This is the 15th year of continuous daily publication for 365Caws. All things considered, it's likely it will be the last year as it is becoming increasingly difficult for me to find interesting material. However, I hope that I may have inspired someone to a greater curiosity about the natural world with my natural history posts, or encouraged a novice weaver or needleworker. If so, I've done what I set out to do.
Monday, April 20, 2015
Little-Known Places
Day 189: I thought I knew where I was going, but I soon realized that my memory from forty years ago was probably faulty. Plus, the directions I'd been given weren't tallying with my observations, leaving me to question whether I'd misread or misinterpreted them.

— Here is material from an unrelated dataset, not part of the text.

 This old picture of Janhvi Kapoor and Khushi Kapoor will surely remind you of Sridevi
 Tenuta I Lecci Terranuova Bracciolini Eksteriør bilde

In any event, getting where I was going wasn't working out according to plan, so I decided to try an alternate route. In so doing, I stumbled across this which, after forty years, I had forgotten was there.
There are several small spillways like this, tucked away in tacitly undisclosed locations in the Park. Some are part of existing water systems while others are simply forgotten bits of history. If you know where to look, the trailheads to some are obvious, if unmarked and lightly disguised by vegetation, but others require orienteering skills and tough hide to attain. It does take one aback somewhat to encounter a man-made waterfall in the backcountry, a reminder that there is probably no one place in the Park where Man's foot has not been put down. Wilderness is a state of mind, wild only until you realize that before you, someone was there, marking their territory.